**The problem**. Taking the line with "Anne Klein Rose Gold Watch and Bracelet Set" as the first and the line with "半袖 アナグラム刺繍 20260828/RB0813" as the last, set down exactly every line in that range from the entries below, and no more.

**Task input**.
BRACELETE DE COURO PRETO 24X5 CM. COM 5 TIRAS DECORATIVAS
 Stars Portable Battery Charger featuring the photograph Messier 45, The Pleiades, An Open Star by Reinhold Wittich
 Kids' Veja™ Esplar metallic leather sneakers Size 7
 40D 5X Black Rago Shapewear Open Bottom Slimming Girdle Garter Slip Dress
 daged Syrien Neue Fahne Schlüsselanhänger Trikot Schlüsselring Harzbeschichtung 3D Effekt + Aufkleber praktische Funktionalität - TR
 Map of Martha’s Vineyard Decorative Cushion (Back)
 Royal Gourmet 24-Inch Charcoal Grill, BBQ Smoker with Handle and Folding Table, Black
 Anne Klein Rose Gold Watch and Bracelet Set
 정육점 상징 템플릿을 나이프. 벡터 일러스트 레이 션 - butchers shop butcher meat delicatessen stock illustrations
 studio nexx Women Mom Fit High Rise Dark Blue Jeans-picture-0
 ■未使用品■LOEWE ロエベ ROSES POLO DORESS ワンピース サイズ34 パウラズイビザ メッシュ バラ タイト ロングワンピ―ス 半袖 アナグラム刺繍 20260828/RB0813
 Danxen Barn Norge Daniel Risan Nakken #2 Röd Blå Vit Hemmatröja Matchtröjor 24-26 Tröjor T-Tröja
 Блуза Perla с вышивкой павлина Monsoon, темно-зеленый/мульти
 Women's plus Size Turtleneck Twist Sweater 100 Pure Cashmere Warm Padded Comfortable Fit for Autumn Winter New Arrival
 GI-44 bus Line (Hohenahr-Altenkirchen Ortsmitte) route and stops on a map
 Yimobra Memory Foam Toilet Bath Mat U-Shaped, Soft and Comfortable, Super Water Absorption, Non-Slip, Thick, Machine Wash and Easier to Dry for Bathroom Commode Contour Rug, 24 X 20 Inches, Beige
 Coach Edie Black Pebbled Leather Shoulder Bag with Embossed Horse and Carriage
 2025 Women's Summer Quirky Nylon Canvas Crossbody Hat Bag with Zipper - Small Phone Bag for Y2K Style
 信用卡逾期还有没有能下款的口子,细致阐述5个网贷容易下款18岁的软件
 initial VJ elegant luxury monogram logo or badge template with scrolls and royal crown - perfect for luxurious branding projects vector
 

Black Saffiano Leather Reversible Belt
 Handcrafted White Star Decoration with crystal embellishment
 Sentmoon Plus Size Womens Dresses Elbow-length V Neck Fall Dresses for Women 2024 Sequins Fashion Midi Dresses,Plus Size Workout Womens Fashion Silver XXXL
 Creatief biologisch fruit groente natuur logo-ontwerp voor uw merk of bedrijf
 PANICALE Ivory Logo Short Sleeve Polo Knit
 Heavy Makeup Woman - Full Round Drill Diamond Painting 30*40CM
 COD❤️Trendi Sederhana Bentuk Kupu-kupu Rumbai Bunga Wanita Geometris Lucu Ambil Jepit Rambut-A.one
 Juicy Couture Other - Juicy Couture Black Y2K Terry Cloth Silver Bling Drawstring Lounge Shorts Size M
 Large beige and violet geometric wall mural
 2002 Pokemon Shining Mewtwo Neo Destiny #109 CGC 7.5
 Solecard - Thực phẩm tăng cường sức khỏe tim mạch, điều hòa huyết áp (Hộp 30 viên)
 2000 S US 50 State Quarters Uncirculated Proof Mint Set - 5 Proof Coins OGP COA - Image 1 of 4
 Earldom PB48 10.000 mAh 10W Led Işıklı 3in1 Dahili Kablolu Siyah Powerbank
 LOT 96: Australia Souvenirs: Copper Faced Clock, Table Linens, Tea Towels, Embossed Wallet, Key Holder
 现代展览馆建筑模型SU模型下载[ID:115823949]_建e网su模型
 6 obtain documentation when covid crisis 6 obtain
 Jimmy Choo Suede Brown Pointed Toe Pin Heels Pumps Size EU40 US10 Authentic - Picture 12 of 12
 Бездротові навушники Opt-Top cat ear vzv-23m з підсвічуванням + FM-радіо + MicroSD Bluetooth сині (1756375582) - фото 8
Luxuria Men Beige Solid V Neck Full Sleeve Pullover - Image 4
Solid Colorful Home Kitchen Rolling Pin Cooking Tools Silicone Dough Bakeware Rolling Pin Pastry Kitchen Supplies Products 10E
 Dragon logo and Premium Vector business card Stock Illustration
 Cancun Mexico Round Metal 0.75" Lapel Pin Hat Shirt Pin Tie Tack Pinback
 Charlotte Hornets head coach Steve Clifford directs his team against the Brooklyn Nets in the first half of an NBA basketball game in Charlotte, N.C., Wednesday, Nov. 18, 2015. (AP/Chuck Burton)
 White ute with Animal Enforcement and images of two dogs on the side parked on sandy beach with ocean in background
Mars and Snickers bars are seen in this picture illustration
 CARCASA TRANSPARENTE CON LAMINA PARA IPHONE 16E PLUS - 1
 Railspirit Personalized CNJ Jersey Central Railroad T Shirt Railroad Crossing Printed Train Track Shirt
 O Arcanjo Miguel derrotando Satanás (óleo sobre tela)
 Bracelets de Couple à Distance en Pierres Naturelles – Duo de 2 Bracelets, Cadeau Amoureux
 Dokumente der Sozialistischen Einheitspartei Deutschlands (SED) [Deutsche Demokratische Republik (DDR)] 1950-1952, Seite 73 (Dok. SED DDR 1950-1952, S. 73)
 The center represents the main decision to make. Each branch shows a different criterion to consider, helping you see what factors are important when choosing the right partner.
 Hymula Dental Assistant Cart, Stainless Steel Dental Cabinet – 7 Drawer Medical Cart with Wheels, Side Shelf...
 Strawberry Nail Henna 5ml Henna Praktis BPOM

**Reply**.
 Anne Klein Rose Gold Watch and Bracelet Set
 정육점 상징 템플릿을 나이프. 벡터 일러스트 레이 션 - butchers shop butcher meat delicatessen stock illustrations
 studio nexx Women Mom Fit High Rise Dark Blue Jeans-picture-0
 ■未使用品■LOEWE ロエベ ROSES POLO DORESS ワンピース サイズ34 パウラズイビザ メッシュ バラ タイト ロングワンピ―ス 半袖 アナグラム刺繍 20260828/RB0813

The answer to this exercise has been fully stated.